Sensor networks are especially useful in catastrophic or emergency
scenarios such as floods, fires, terrorist attacks or earthquakes
where human participation may be too dangerous. However, such
disaster scenarios pose an interesting design challenge since the
sensor nodes used to collect and communicate data may themselves
fail suddenly and unpredictably, resulting in the loss of valuable
data. Furthermore, because these networks are often expected to be
deployed in response to a disaster, or because of sudden
configuration changes due to failure, these networks are often
expected to operate in a "zero-configuration" paradigm, where data
collection and transmission must be initiated immediately, before
the nodes have a chance to assess the current network topology. In
this paper, we design and analyze techniques to increase
"persistence" of sensed data, so that data is more likely to reach
a data sink, even as network nodes fail. This is done by replicating
data compactly at neighboring nodes using novel "Growth Codes"
that increase in efficiency as data accumulates at the sink.
We show that Growth Codes preserve more data in the presence of node
failures than previously proposed erasure resilient techniques.
Joint work with Jon Feldman, Vishal Misra and Dan Rubenstein.

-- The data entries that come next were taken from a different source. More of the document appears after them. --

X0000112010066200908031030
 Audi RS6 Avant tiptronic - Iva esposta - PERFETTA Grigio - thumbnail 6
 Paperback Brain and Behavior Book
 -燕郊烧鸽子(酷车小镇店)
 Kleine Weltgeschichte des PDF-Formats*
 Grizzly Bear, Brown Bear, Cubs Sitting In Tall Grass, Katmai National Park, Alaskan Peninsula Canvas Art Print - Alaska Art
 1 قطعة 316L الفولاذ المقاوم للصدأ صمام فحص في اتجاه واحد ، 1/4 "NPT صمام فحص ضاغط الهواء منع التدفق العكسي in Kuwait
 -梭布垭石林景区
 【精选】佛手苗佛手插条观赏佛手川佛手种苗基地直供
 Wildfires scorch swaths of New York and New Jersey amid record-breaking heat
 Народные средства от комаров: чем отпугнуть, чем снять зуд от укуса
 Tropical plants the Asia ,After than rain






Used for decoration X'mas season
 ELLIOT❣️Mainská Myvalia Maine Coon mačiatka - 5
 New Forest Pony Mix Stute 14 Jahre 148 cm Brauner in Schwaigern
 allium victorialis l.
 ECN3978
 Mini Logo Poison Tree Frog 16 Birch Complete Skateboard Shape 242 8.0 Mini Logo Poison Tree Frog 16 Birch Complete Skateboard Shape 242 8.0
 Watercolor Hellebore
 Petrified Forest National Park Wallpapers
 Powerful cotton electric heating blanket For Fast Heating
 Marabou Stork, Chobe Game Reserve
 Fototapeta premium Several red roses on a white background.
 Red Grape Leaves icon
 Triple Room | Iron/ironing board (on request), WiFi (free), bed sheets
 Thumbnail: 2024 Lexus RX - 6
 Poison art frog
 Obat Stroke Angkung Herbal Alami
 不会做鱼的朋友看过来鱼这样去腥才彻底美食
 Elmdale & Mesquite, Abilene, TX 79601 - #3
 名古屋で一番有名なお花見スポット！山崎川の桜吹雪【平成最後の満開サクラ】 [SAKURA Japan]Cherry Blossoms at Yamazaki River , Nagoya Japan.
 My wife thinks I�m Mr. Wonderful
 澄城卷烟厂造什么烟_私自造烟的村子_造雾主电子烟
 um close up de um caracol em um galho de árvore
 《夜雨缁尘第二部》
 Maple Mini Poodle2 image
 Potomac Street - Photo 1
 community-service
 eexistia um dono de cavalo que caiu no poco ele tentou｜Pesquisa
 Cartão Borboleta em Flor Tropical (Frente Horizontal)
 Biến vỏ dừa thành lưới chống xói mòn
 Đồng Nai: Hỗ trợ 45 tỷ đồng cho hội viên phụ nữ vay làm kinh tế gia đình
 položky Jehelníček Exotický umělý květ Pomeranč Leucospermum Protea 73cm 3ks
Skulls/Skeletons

Abhinav Kamra is a PhD student with the Department of Computer Science
at Columbia University in New York. He obtained his B.Tech. in
Computer Science from IIT Delhi in India and his M.S. in Computer Science
from Columbia University. His research interests include Network Coding
and its Applications in Sensor Networks, Performance Evaluation and
Design of Algorithms for Communication Networks. He is supervised in his
research by Prof. Vishal Misra and Prof. Dan Rubenstein.